Nineteen people accused of plotting to topple Obiang have been on trial
in Malabo since last month. Their trial was suspended indefinitely
on Tuesday to take into account new developments including the arrest
of Margaret Thatcher’s son in South Africa.
On August 27, a court in Zimbabwe absolved most of the 70 men on
trial there over the same alleged plot.
Press reports have implicated an international network of wealthy
businessmen in the alleged plot to oust Obiang, in exchange for which
they would be given a slice of Equatorial Guinea’s oil riches.
Thatcher is due in court in South Africa on November 25 to answer
charges he contributed 275,000 dollars (230,000 euros) to the plot,
whose alleged mastermind, Briton Simon Mann, is a friend and neighbour
in the plush Cape Town suburb of Constantia.
Mann, founder of the defunct mercenary outfit Executive Outcomes, was
found guilty of attempting to illegally purchase weapons in a Zimbabwe
court last week in connection with the conspiracy in Equatorial Guinea.
Meanwhile, the suspected leader of the 19 would-be coup makers on
trial in Malabo, South African businessman Nick du Toit — a former
business partner of Mann’s — has told a court here that he met with
Thatcher, but insisted their meeting was strictly business-related.
The focus of the Equato-Guinean investigators’ visit to Armenia
was a contract between the central Asian country’s Tiger Air and a
German company whose representative in Malabo, Gerhard Eugen Merz,
was among 15 foreigners arrested in Equatorial Guinea in March and
accused of plotting the coup, a legal official said here.
Merz died days after his arrest, officially from cerebral malaria,
but with rights groups saying he was tortured to death.

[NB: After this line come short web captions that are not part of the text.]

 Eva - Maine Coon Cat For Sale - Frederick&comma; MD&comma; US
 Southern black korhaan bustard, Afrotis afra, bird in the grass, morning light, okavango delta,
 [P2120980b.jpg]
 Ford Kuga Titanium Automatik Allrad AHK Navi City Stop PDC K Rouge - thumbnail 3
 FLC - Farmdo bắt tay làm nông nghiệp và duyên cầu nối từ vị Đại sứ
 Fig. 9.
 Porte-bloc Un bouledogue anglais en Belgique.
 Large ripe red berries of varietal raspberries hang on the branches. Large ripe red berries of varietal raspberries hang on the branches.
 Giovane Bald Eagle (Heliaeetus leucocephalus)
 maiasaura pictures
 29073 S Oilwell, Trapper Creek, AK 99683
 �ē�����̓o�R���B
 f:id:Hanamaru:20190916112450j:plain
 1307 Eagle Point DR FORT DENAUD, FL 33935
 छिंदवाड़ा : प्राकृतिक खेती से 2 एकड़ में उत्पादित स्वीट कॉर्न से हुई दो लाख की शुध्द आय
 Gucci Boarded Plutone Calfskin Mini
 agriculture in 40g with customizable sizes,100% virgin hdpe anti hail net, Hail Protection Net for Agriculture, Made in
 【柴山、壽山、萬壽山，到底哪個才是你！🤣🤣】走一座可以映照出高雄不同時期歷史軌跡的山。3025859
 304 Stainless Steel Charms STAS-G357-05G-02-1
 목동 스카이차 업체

Among those arrested were the six Armenian air crew of an Antonov
cargo plane. All six have denied involvement in the alleged coup bid,
and told a court in Malabo that they had come to Equatorial Guinea to
work under contract to Merz’s company, which had leased their plane
and services.
The Antonov and its Armenian crew arrived in Equatorial Guinea in
January this year.
Between then and the discovery of the alleged coup plot in March
they made only one flight, on behalf of a company owned by du Toit,
who faces the death penalty for allegedly leading the coup bid.